学术文献库

(Abridged) Exoplanetary research has provided us with exciting discoveries of planets around very low-mass (VLM) stars (e.g., TRAPPIST-1 and Proxima Centauri). However, current theoretical models strive to explain planet formation in these conditions and do not predict the development of giant planets. Recent high-resolution observations from ALMA of the disk around CIDA 1, a VLM star in Taurus, show substructures hinting at the presence of a massive planet. We aim to reproduce the dust ring of CIDA 1, observed in the dust continuum emission in ALMA Band 7 (0.9 mm) and Band 4 (2.1 mm), along with its $^{12}$CO (J=3-2) and $^{13}$CO (J=3-2) channel maps, assuming the structures are shaped by the interaction of the disk with a massive planet. We seek to retrieve the mass and position of the putative planet. We model the protoplanetary disk with a set of hydrodynamical simulations, varying the mass and locations of the embedded planet.
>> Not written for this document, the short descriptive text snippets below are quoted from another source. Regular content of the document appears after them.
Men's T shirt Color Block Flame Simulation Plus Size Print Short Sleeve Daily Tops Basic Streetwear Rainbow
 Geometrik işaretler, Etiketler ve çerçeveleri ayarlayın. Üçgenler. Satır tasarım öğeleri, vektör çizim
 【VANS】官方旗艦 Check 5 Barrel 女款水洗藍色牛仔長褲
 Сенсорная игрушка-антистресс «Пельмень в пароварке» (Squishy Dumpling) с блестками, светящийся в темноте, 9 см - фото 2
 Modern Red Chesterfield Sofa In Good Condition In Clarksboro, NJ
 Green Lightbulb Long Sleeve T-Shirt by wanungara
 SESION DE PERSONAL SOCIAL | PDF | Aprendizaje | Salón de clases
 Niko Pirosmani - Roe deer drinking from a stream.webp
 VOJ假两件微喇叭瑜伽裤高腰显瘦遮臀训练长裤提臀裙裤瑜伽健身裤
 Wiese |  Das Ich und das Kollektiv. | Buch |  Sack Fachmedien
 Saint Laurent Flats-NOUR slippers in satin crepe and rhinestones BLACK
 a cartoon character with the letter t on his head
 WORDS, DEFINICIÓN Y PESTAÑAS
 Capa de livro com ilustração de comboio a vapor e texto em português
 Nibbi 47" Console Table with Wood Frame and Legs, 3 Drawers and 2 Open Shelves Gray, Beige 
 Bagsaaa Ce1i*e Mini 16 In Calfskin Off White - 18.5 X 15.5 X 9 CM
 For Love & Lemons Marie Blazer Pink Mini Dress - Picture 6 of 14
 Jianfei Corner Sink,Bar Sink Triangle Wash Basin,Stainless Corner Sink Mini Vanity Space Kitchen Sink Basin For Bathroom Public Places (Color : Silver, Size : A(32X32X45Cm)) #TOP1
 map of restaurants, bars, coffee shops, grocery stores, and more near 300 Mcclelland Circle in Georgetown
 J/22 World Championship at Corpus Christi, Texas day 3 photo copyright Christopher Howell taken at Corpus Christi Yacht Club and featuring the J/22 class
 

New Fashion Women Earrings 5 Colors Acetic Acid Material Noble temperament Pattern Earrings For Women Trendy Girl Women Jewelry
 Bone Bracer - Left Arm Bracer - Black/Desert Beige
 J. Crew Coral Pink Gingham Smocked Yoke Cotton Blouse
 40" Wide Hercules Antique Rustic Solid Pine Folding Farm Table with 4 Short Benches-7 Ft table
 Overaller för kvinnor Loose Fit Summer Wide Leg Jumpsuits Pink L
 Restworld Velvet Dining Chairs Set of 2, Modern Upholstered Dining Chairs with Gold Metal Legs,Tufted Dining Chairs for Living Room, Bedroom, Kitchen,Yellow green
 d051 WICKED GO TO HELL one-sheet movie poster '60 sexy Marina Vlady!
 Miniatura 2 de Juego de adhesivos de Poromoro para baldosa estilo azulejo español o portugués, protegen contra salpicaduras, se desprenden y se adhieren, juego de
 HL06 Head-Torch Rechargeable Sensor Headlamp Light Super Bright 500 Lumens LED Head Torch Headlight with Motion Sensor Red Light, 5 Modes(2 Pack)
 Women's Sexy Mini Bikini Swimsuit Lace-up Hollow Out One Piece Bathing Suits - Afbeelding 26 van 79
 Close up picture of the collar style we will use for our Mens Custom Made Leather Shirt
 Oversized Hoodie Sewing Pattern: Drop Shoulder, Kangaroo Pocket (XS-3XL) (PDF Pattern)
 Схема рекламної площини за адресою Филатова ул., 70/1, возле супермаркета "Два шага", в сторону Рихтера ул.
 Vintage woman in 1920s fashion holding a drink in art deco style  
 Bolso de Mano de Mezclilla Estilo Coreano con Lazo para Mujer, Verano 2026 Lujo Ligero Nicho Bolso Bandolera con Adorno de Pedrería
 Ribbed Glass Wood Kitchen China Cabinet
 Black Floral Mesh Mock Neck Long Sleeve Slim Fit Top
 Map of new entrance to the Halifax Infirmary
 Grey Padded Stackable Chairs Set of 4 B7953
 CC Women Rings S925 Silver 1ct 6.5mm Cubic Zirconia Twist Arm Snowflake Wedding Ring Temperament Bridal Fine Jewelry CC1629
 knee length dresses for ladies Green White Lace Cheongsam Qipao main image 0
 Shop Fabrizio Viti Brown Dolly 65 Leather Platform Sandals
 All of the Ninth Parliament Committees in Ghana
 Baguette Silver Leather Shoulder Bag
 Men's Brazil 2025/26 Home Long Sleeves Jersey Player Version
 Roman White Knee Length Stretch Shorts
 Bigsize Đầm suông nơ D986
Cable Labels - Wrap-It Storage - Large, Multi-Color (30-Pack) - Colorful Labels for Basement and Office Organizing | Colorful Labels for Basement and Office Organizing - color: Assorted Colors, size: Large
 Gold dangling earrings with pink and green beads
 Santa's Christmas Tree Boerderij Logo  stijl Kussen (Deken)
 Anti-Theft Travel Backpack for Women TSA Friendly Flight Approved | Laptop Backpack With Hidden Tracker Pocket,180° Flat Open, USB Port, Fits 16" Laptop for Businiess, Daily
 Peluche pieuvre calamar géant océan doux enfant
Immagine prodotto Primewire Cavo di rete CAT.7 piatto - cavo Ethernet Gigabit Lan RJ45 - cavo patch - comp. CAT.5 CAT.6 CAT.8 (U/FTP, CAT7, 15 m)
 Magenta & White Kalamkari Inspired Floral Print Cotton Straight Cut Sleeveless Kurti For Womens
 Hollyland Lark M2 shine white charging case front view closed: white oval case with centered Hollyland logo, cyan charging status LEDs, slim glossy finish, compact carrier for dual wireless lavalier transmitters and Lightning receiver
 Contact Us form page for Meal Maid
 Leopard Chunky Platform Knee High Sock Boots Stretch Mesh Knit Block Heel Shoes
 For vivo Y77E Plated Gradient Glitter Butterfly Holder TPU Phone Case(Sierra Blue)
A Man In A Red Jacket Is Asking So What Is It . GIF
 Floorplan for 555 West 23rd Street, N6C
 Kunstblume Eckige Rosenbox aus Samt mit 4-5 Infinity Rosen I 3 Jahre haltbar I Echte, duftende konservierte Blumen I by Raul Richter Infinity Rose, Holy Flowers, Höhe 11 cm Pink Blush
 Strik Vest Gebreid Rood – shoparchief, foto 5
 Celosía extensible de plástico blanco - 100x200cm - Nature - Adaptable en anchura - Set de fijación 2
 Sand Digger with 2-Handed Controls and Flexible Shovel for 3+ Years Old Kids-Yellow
We compute the dust and gas emission using radiative transfer simulations, and, finally, we obtain the synthetic observations treating the images as the actual ALMA observations. Our models indicate that a planet with a minimum mass of $\sim1.4\,\text{M}_\text{Jup}$ orbiting at a distance of $\sim 9-10$ au can explain the morphology and location of the observed dust ring at Band 7 and Band 4. We can reproduce the low spectral index ($\sim 2$) observed where the dust ring is detected. Our synthetic images reproduce the morphology of the $^{12}$CO and $^{13}$CO observed channel maps where the cloud absorption allowed a detection. Applying an empirical relation between planet mass and gap width in the dust, we predict a maximum planet mass of $\sim4 - 8\,\text{M}_\text{Jup}$. Our results suggest the presence of a massive planet orbiting CIDA 1, thus challenging our understanding of planet formation around VLM stars.